Satu lagu yang sedang dinyanyikan olehnya sangatlah enak di


dengar oleh semua telinga yang hadir disana. Suara Dafa yang begitu khas dan


merdu saat menyanyikan lagu telah berhasil menghipnotis semua tamu yang hadir


di acara tersebut. Vivian sangat menikmati hidangan yang berada di tangannya


sekarang. Vivian tak peduli sama sekali dengan beberapa lelaki yang berada di


dekatnya dan sibuk mengagumi kecantikannya.


Hidangan yang ada di tangan Vivian akhirnya habis juga masuk


ke dalam perutnya. Begitu juga Mala dan Juwita. Saat mereka mau beranjak


mengambil hidangan penutup bertepatan dengan lagu yang dinyanyika Dafa juga


selesai.
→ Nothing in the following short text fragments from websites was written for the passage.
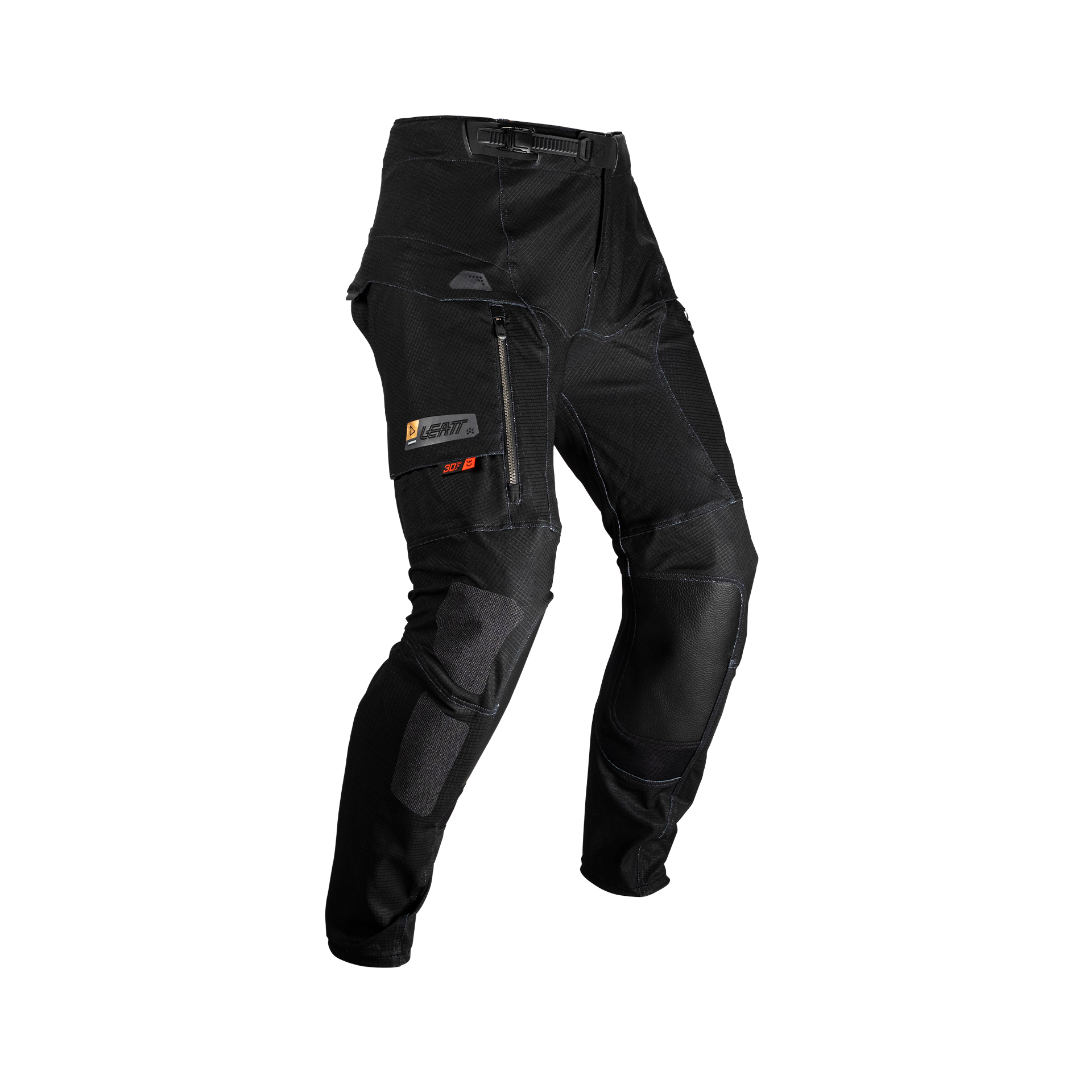 Pant ADV Rally 5.5 – Leatt USA Pant ADV Rally 5.5 – Leatt USA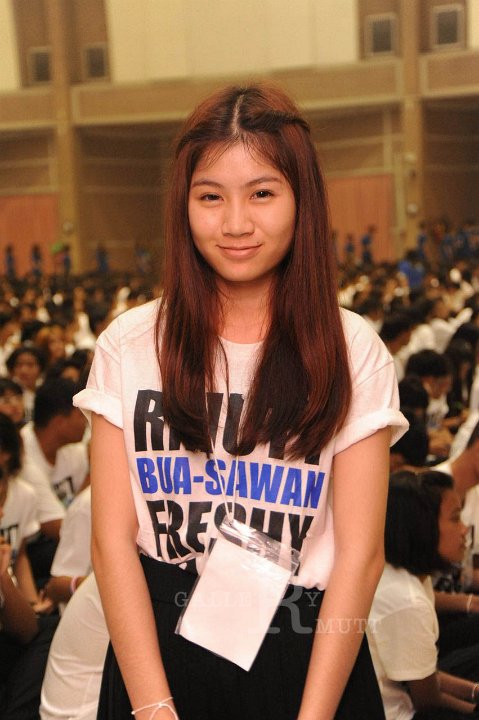DSC_2993.JPG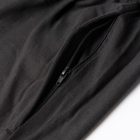 8419_02_3_1.jpg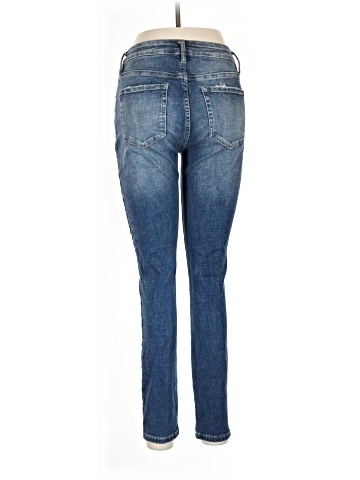 Fashion Nova Jeans (view 2)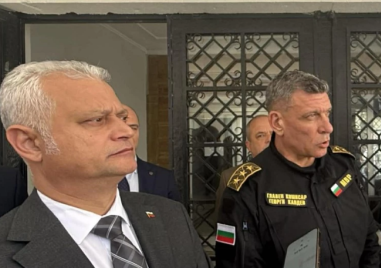 Главният секретар на МВР в Пловдив: 500% повече са сигналите за купен вот в сравнение с 2024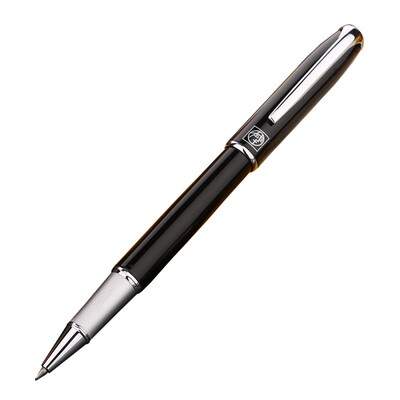 耐摔防摔划重点大容量晨光修正带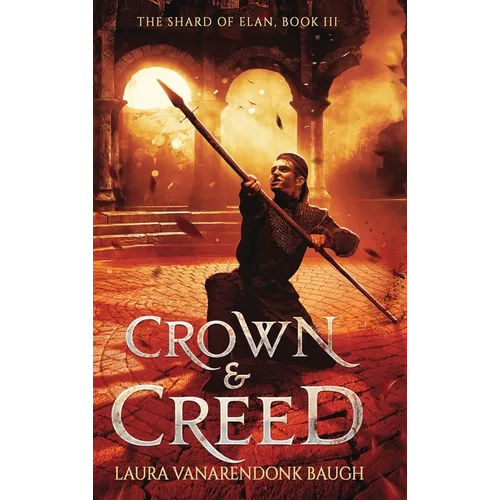 Crown & Creed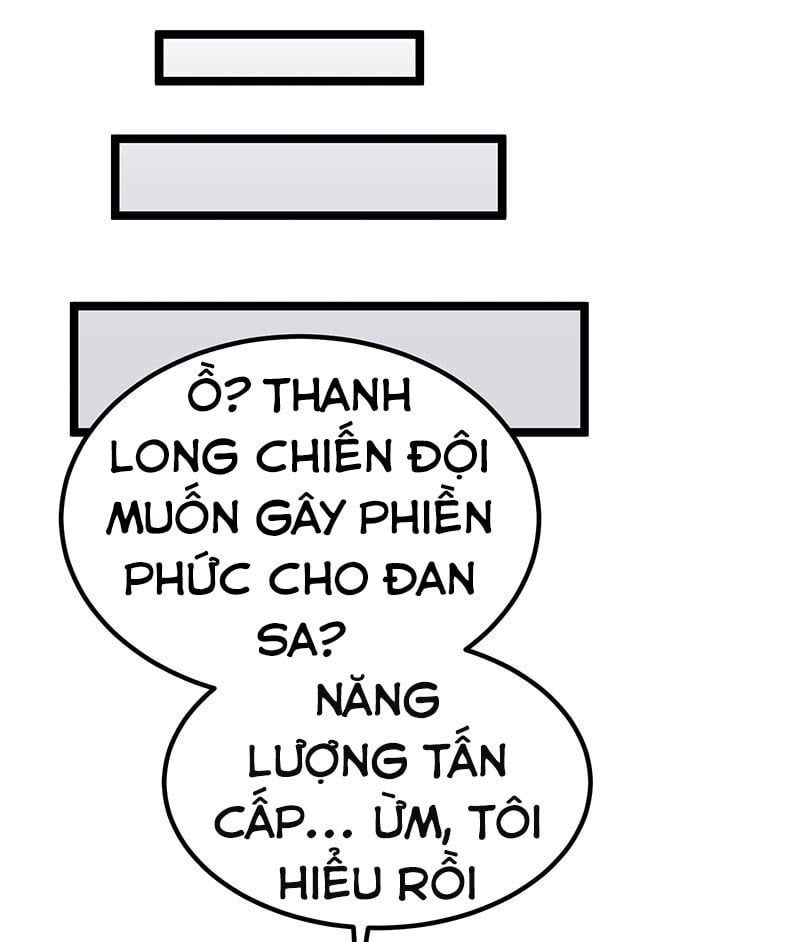 đọc truyện Tiên Vương Trùng Sinh Chương 38 ảnh 37 tại Thiên Thai Truyện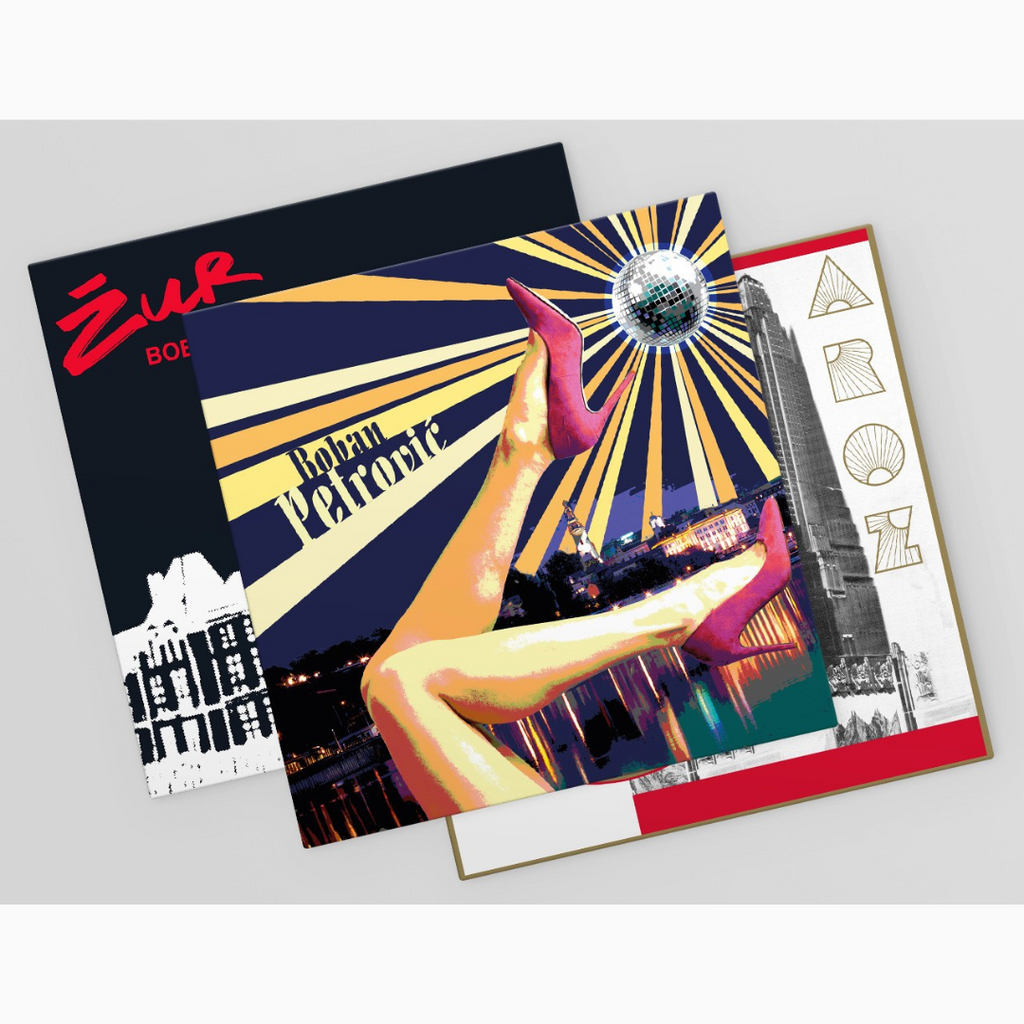 Untitled_design_1_d74190b1-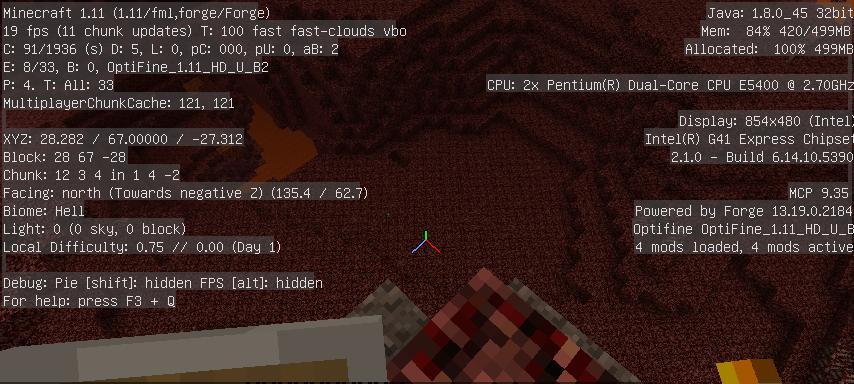 我的世界朋友球的功能详解（探究朋友球的作用，提升我的世界游戏体验）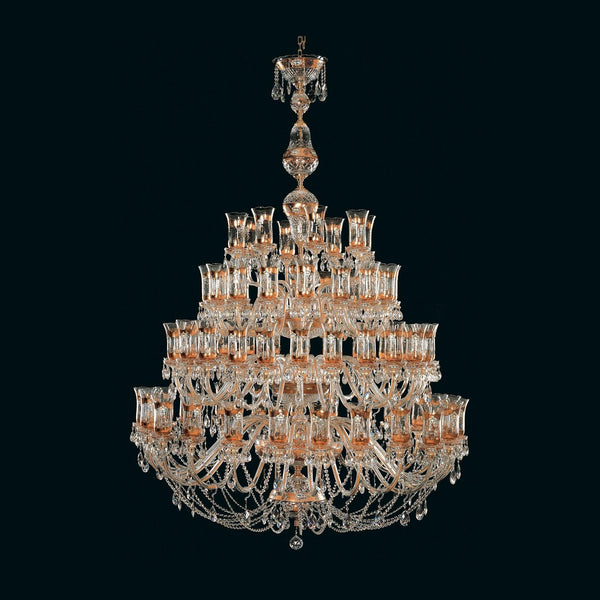 Chandelier | Mab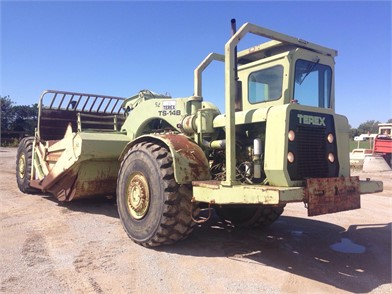 Detroit Diesel 40 Series części zamienne silnika z maszyn rolniczych
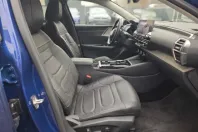 Citroën C5 X din 2023 cu 36.000 km - oferta CIT121551 - foto 15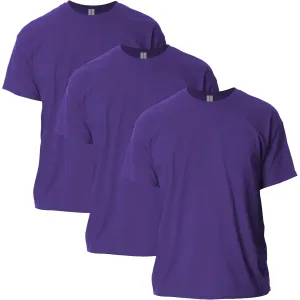 gildan-ultra-cotton-tee
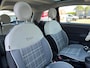 Fiat 500 TwinAir 80pk Lounge | Airco | Cruise Control | Lichtmetalen velgen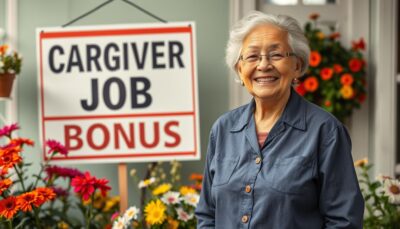 A-TEAM HOME CARE INC PHILADELPHIA, PA BEST HOME CARE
Master of ceremony atau MC menawarkan hadirin yang memiliki suara merdu


untuk menyumbangkan sebuah lagu ke atas pentas.


Juwita mengambil inisiatif untuk ini. Dia menyarankan kepada


Vivian agar maju ke depan dan menyanyikan sebuah lagu untuk membalas perbuatan


Jalal padanya. Pada awalnya Vivian menolak, karena tamu yang hadir begitu


banyak disamping itu disana juga ada Dafa yang merupakan kakak kelas satu


sekolah dengannya. Hal ini membuat dirinya merasa canggung. Namun pada akhirnya


Vivian tidak dapat berbuat apa-apa. Kedua sahabatnya menarik dan mendorongnya


sampai di depan pentas. Dan Vivian hanya bisa pasrah menerima semua itu.